Olivier Gaillard a été élu député de la 5ème circonscription en 2017. Il a été élu dès le premier tour aux municipales à Sauve (Photo : Coralie Mollaret)

Élu maire dès le premier tour à Sauve aux récentes municipales, Olivier Gaillard a décidé de démissionner de l’Assemblée nationale. Une décision qu’il n’avait pas prévue… Explications. 

Objectif Gard : L’ex-maire conteste votre victoire aux municipales de Sauve. Pendant l’audience au tribunal administratif, le rapporteur public a demandé l’annulation des élections. Comment réagissez-vous ? 

Olivier Gaillard : Ce n’est pas le jugement, seulement l’avis du rapporteur public. Le jugement sera prononcé d’ici 15 jours, trois semaines. On verra bien. Si on annule l’élection, nous prendrons les décisions qui s’imposent. En tous cas, moi, ce que je vois c’est que l’ex-maire, qui a perdu l’élection dans les urnes, s’est engagée sur le terrain judiciaire.

« Les délais de recours s’éternisent… » 

Qu’en est-il de votre mandat de député ? 

Je vais enfin pouvoir démissionner ! J’attends la fin des délais de recours sur les élections municipales de Sauve et j’enclencherai la procédure administrative pour entériner ma démission. D’ici le mois de décembre, je serai parti du Palais Bourbon. 

Même si vous souhaitiez quitter l'Assemblée, vous n'aviez pas prévu ce scénario… 

Effectivement. Ma démission se fait en dehors de la règle sur le non-cumul des mandats. De fait, ça déclenchera l’organisation d’élections législatives. Mais attention : si le tribunal administratif confirme mon élection dans 10 jours, je ne démissionnerai plus. La loi du non-cumul s’appliquera et ce sera ma suppléante qui sera automatiquement élue. 

Pourquoi démissionner maintenant et ne pas attendre la fin de votre contentieux avec l'ancienne maire de Sauve ? 

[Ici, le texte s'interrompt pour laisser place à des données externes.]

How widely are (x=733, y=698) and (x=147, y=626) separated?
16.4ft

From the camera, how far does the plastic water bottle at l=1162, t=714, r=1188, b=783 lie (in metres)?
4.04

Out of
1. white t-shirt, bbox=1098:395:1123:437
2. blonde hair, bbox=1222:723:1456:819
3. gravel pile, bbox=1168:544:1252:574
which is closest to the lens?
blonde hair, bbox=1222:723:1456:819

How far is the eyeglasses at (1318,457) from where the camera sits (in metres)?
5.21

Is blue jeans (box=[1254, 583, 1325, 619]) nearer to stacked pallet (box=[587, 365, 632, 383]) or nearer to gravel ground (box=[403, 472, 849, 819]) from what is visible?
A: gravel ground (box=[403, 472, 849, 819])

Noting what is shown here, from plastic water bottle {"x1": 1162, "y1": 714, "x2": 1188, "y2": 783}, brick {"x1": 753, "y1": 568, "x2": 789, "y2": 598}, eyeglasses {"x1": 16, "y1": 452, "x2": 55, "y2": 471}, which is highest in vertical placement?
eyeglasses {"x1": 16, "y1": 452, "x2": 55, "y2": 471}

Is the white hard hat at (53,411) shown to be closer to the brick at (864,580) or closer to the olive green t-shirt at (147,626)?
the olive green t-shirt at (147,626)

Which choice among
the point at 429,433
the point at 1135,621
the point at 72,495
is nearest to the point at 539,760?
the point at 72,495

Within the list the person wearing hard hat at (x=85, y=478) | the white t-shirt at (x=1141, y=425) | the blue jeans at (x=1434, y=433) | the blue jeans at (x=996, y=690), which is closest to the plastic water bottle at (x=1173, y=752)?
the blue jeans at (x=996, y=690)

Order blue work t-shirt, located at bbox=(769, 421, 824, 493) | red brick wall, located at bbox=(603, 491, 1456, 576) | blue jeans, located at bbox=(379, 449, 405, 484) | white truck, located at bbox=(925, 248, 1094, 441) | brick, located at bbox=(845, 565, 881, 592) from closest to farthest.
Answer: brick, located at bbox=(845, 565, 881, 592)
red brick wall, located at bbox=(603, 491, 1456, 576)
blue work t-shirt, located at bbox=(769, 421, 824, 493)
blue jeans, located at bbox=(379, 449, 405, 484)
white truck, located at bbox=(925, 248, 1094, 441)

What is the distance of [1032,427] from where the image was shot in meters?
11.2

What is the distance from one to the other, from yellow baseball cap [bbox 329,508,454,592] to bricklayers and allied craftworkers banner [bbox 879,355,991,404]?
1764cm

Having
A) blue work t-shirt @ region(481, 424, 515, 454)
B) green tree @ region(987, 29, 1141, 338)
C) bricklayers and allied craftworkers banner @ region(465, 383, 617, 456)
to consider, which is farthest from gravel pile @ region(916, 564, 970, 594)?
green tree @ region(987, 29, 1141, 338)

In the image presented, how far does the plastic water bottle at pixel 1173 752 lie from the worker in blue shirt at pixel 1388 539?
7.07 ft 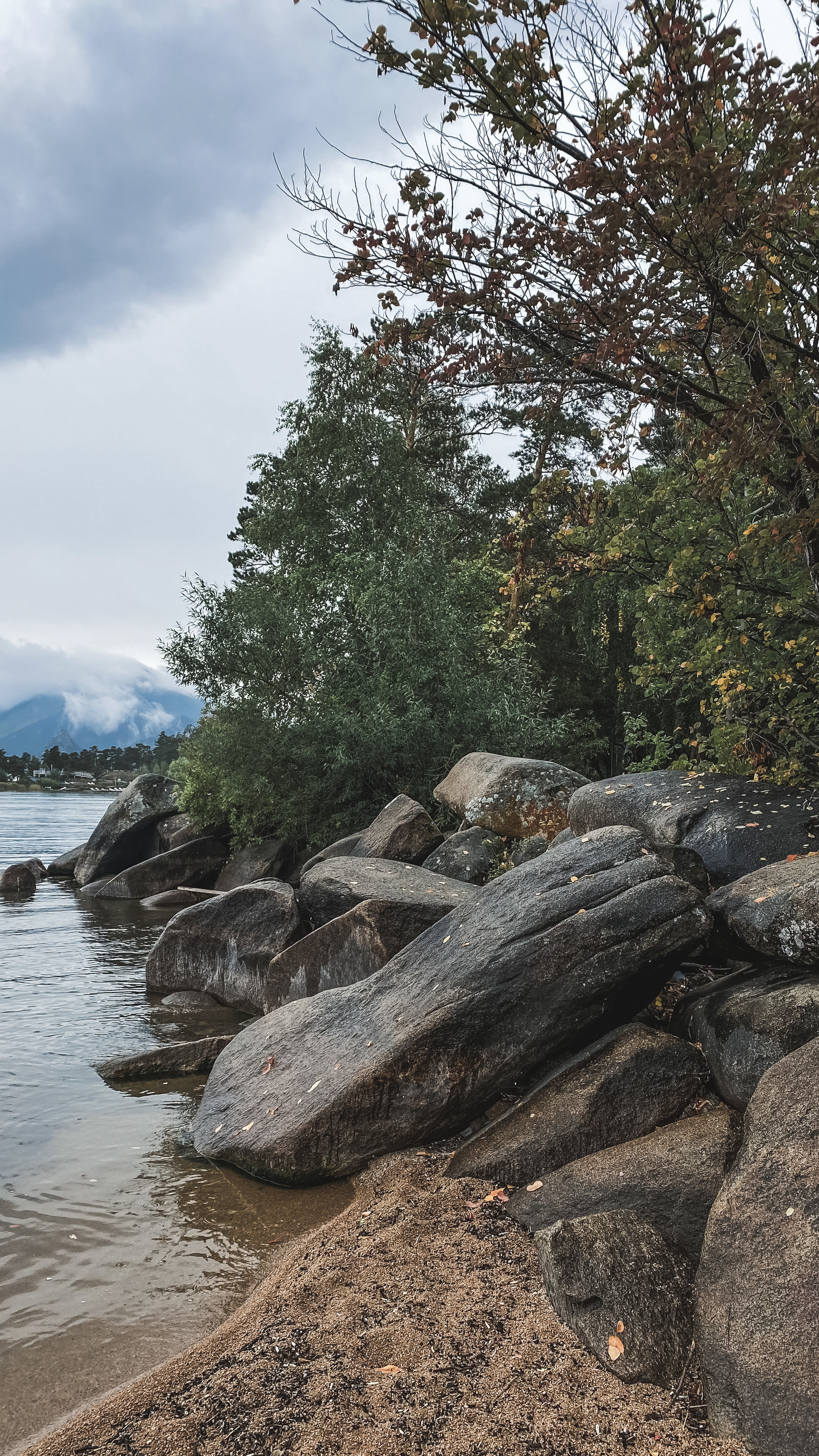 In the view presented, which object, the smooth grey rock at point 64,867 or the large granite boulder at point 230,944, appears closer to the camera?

Étant toujours en contentieux, je pourrais rester député, c'est vrai. Sauf que les délais de recours s’éternisent et ça risque de s’éterniser encore plusieurs mois. Je préfère donc démissionner de mon propre chef.

En France, toutes les élections partielles ont été défavorables à La Républicains en marche. Le parti n’a-t-il pas essayé de vous appeler pour trouver une autre solution ? 

Loin s'en faut ! (Oliver gaillard a démissionné de LREM fin février, NDLR). La preuve en est que lors de la visite du ministre de l’Intérieur, Gérald Darmanin, dimanche dans les Cévennes, nous étions convenu que je puisse poser une question au Gouvernement sur ces intempéries. Une question qui finalement a été retoquée par la présidence de l’Assemblée nationale (Richard Ferrand, NDLR).  

Une autre solution existe pour éviter l’organisation d’une élection : le président du Conseil départemental pourrait vous attribuer une délégation. Dans ce cas là aussi vous seriez assujetti à la loi sur le non-cumul…

Il y a encore une autre possibilité : que je devienne ministre (rires) ! Plus sérieusement, je ne suis pas dans ces combines. Je ne veux pas prêter le flanc à ces conneries.

Comment se dérouleront ces Législatives partielles ? 

J’ai assez de mal à me gérer sans m’occuper de l’avenir politique des autres. 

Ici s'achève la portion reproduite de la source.